Por Orlando V. Pérez

Corrió hacia el patio, movido por un impulso interior irrefrenable, por cuyo fondo cruzaba tranquilo el arroyo: el de su infancia, antes tan claro y transparente, con sus mantas de pececitos en colores, y ahora tan sucio y hediondo…

no sé cómo algunas especies pueden todavía sobrevivir aquí, frecuentemente se preguntaba. Un rápido recorrido visual lo condujo a percatarse de inmediato, para corroborar que el ruido que le había llegado desde el patio minutos antes no era una simple ilusión acústica. Era algo que le costaba trabajo aceptar: tres niños de espaldas desnudas, inclinados en la mitad del arroyo, chapoteaban en el agua sucia. Arrastraban los pies con tanto sigilo, que lograban mover los cuerpos lenta y silenciosamente hacia la orilla opuesta, mientras los brazos les colgaban en forma de arcos, que culminaban en unos dedos a guisa de redes abiertas. 
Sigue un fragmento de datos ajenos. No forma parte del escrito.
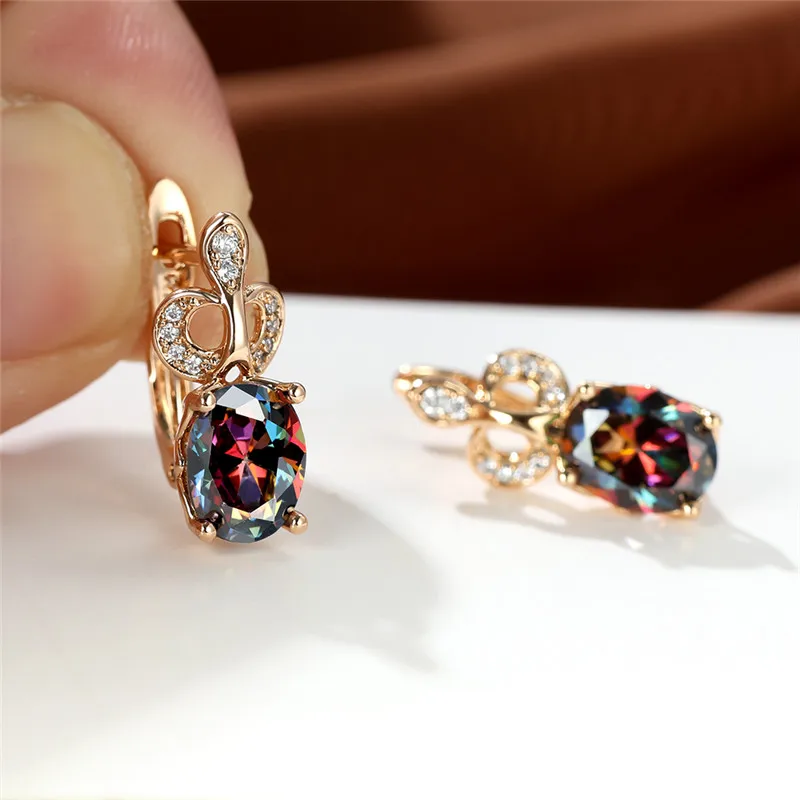 Очаровательные маленькие серьги из розового золота Разноцветные с овальными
–¿Qué hacen ustedes ahí, eh? –la pregunta fue en forma de un grito atávico que retumbó en los árboles circundantes.
Tan entregados estaban a su faena aquellos niños, que al dueño del patio hasta escuchar le pareció un ¡a callar! como respuesta.
–¡Que qué hacen ahí les digo, carajo! –esta vez el grito fue más potente, como escapado de lo más recóndito de la corteza cerebral, donde aseguran los analistas que se agazapa una fiera atávica. Un grito de tal magnitud, que hasta ahuyentó a las aves zancudas, comensales de paso, y se extendió más allá del monte circundante.
–Señor, nosotros… –mientras se volteaba hacia él, atinó a responder nerviosamente el más pequeño de los niños, delgaducho, de cara huesuda.
–Sí, ya sé, están cazando, pescando…
–Cogiendo, cogiendo –respondió esta vez el de mediana estatura, con su cara regordeta.
–¿Cogiendo qué, pomos vacíos, gomas rotas de máquinas y bicicletas, enfermedades… o jicoteas?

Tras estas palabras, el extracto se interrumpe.